For my first blog around mobility for business, I thought that the basic security experience is a good point to start with.
In this “hyper techno-world" mobility is being promoted in a broad sense, how useful it can be and how it will improve your productivity and reactivity. Many are also predicting the end of traditional ways of working and switch from an 8 -5 job to always being connected.
As we are all “important” ;=)) and require the latest electronic mobile gadgets, a couple months ago I have decided to get a brand new tablet in order to test the promising new applications and capabilities that have been hyped up.
A couple days after installing the only corporate-approved applications (MS Exchange), I started to browse the application store and did install completely non-secured and un-approved applications such as dropbox, google apps, SIP/video applications, games, file-sharing etc.. . and for most of them .. this included the capability for these applications to access sensitive data.
To make this point and by using Netqin security tool, you can see a fairly scary example of taginlineimportapplications accessing various parts of my device:
22 applications accessing my address book
4 applications accessing my SMS and mail
27 applications accessing my location
37 applications accessing my device information
So, even if an application seems to be benign, by giving access to stored on a device, which is sometimes connected to corporate information (such as corporate directory) the user's device -- and thus the enterprise -- is potentially vulnerable to spyware, malware, viruses, etc.

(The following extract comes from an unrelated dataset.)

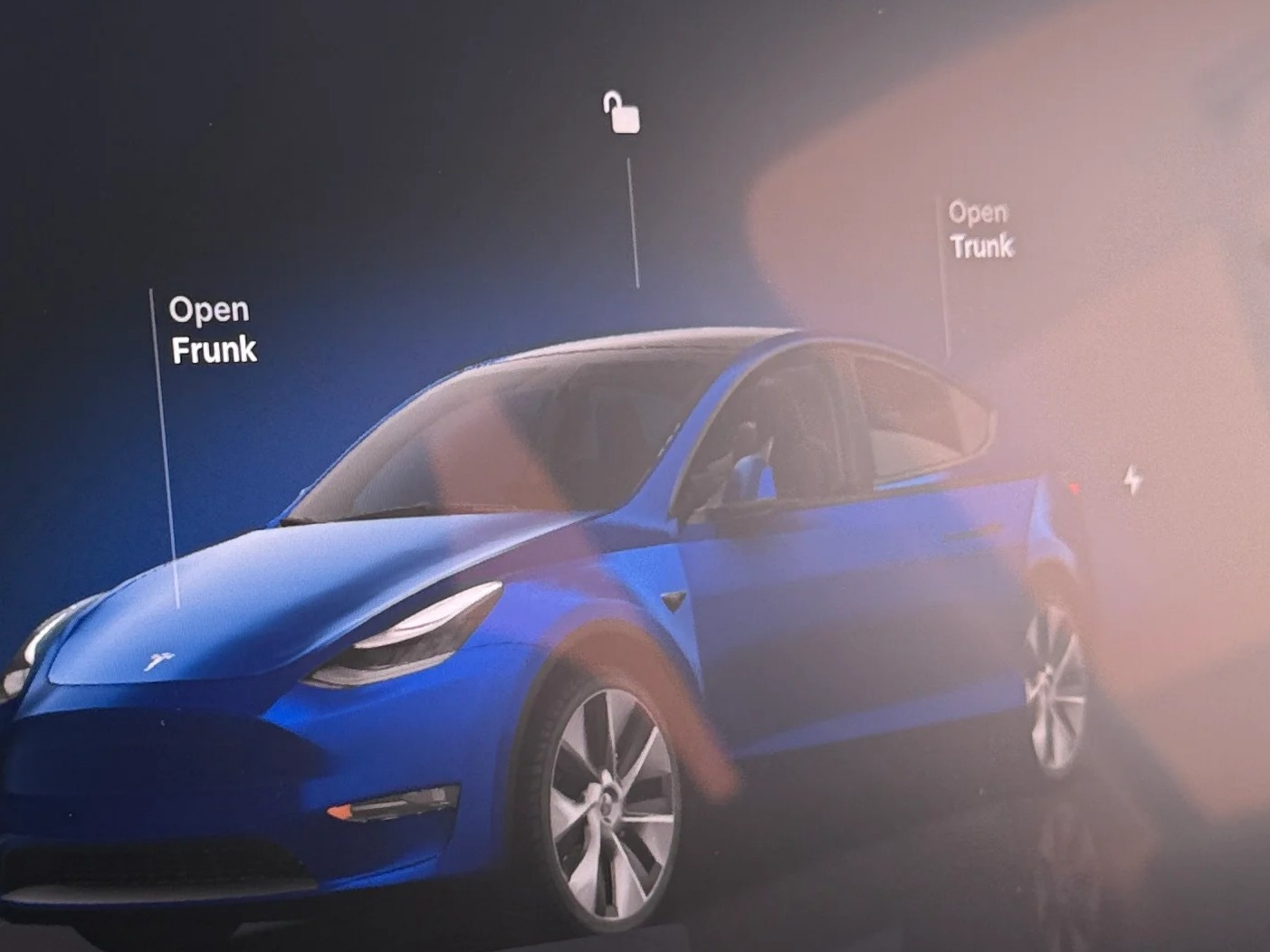 Thumbnail: 2023 Tesla Model Y - 3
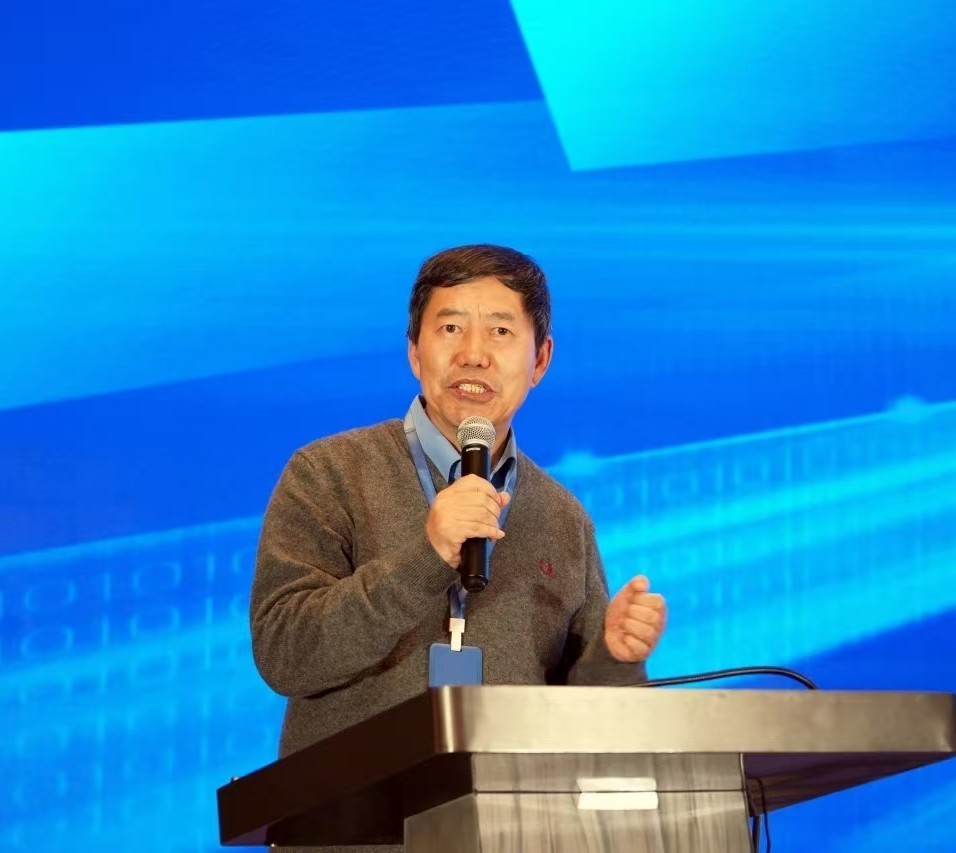 九游会在线登录官网创新论坛第二千零四十九讲：《学术论文编写规则》国标解读与实例分析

Most people working in IT acknowledge the fact that adding tablets and smartphones, aka a bring-your-own-device (BYOD) policy, to the corporate ecosystem contains a lot of threats that need to be taken extremely seriously without delay before talking about any potential business opportunity.
Some food for thought around security to think about before letting new devices access corporate data:
- authenticated access -- If a tablet is lost, stolen or left unattended, enforcing native, device-level authentication (PINs, passwords) can reduce the risk of a stored data breach or device application and connection misuse.

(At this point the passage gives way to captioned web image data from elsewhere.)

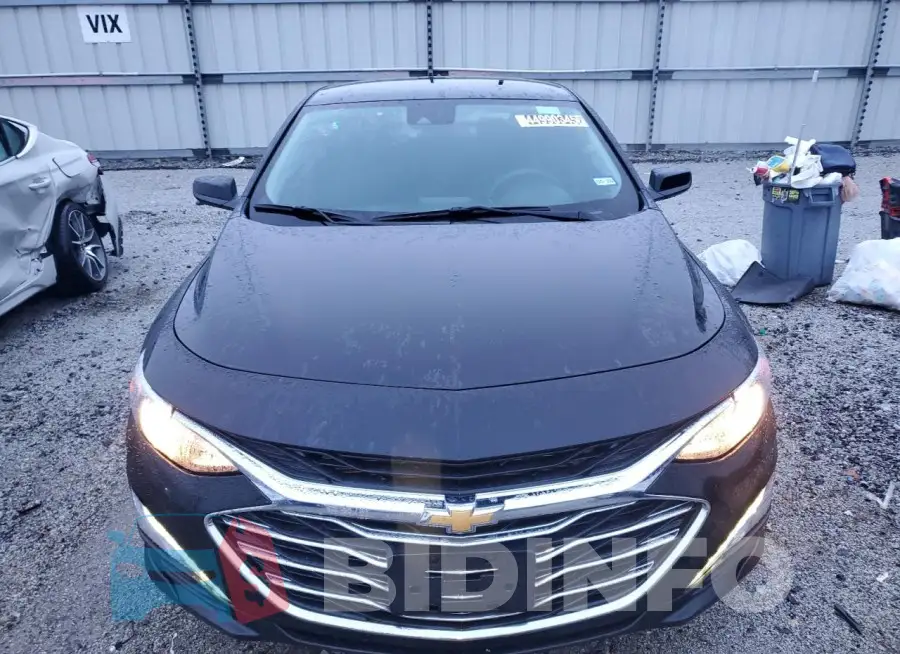 1G1ZD5ST6RF226675 Photo# 5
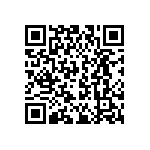 BACC45FN22-19P9 QRCode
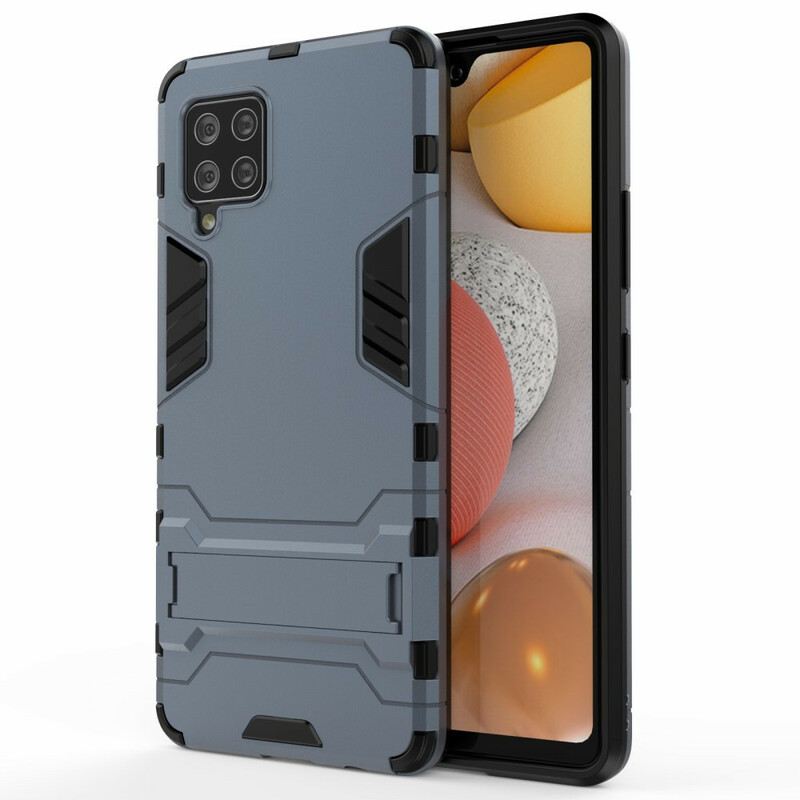 Tok Samsung Galaxy A42 5G Ultra Ellenálló Nyelv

- anti-loss measures -- Native remote lock, find and wipe capabilities can often be used to recover a lost device or permanently prevent it from becoming a security liability, including devices issued to employees who have left the organization. .

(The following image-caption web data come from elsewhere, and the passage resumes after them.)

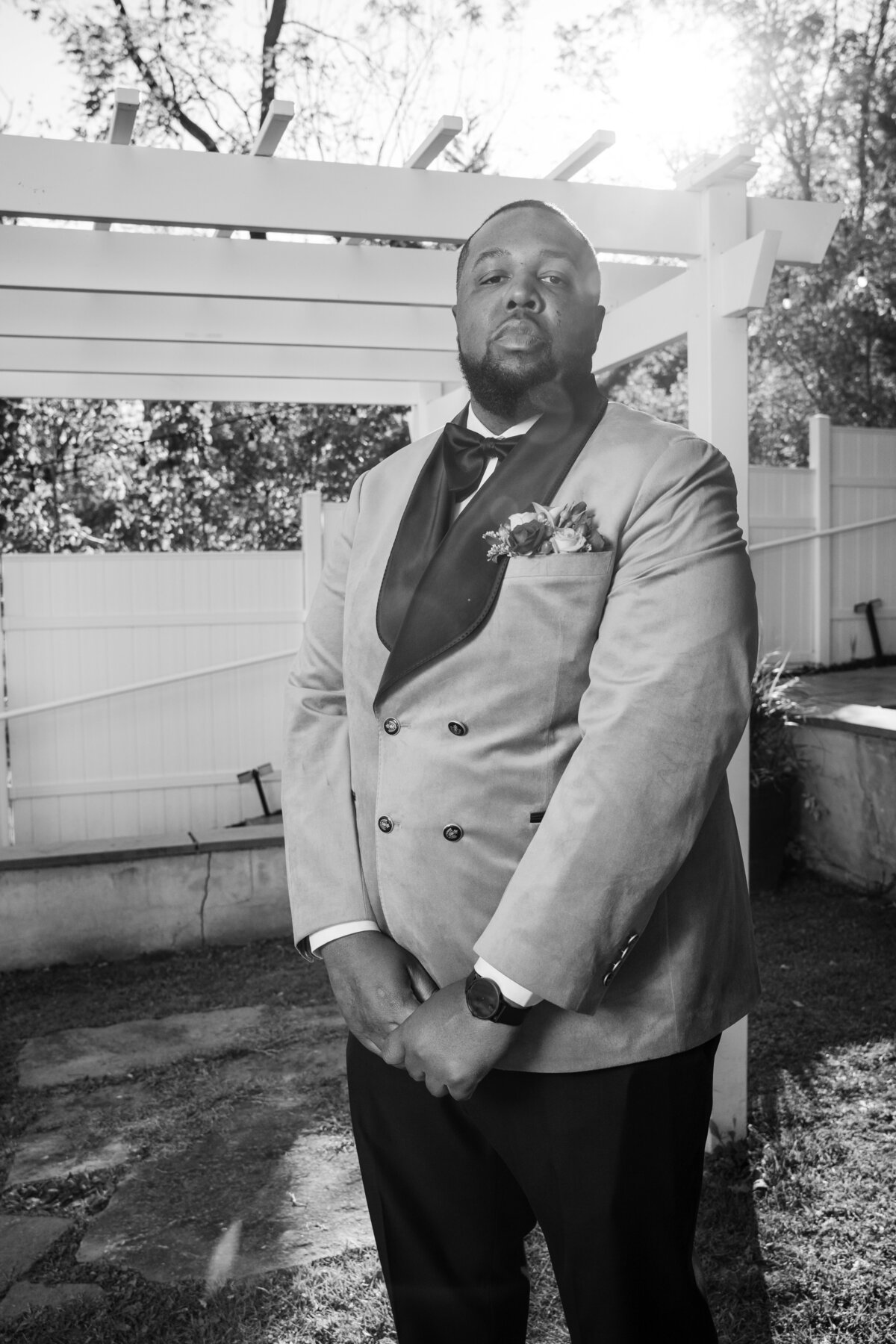 Maryland-wedding-photo-00958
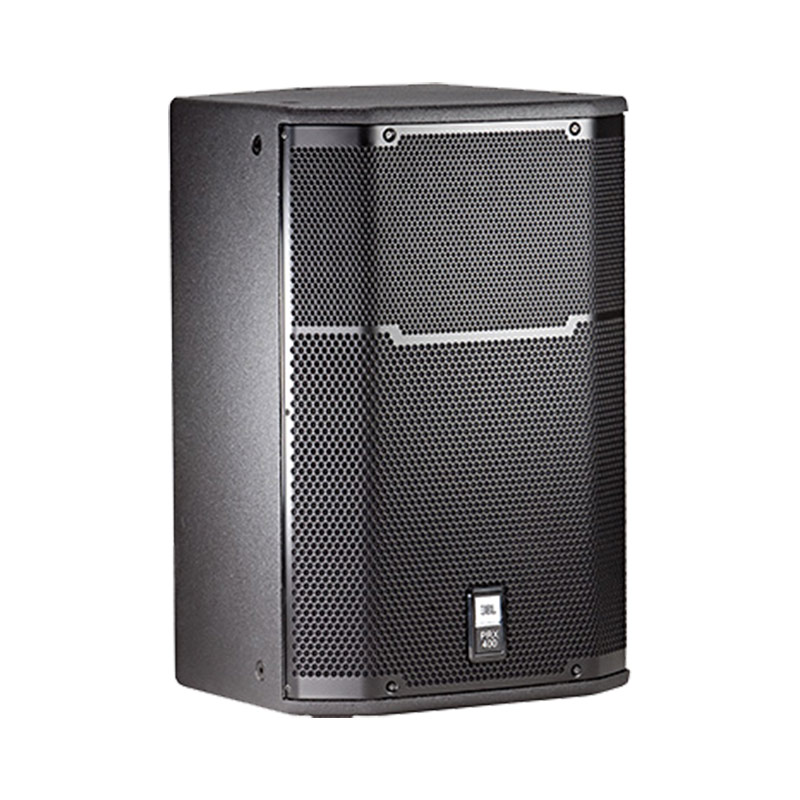 Loa hội trường JBL PRX415M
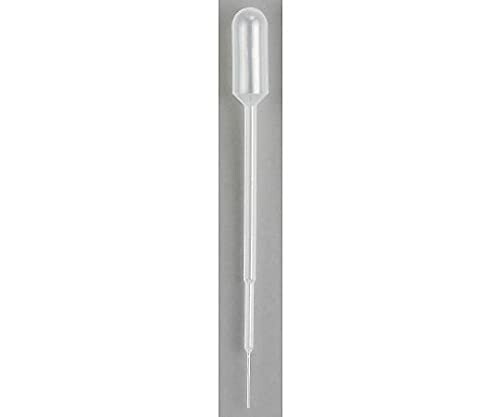 SAMCO Extended Fine Tip Large Bulb 400本 233-1S｜アルメリア店 11,495円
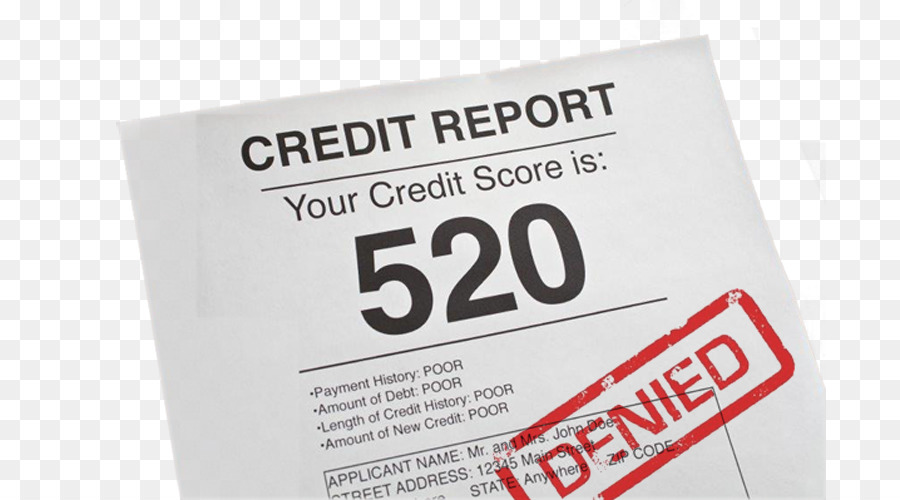 Punteggio di credito di Credito, storia di Credito, il software di riparazione FICO - attività commerciale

- authorization -- Mobile operating systems support native techniques like code signing, application data protection, and device feature restrictions that enterprises can use to reduce risks posed by mobile malware or inappropriate use. Devices don't come with native anti-virus, anti-spam, or intrusion detection, but these can be obtained from third parties.
- data protection and encryption -- Mobile operating systems provide native support for security data traffic including SSL and selected VPN protocols.
- device management – Various solutions exist (afaria, Mobile Iron, 3LM…) to centrally provision and control tablets and smartphones, enforce their security settings, manage applications and monitor their usage.
To wrap this up, I would reinforce the point that, prior to to seeing mobile devices as an opportunity, top-down mobile security enforcement is becoming a must have for any secured corporate mobile usage.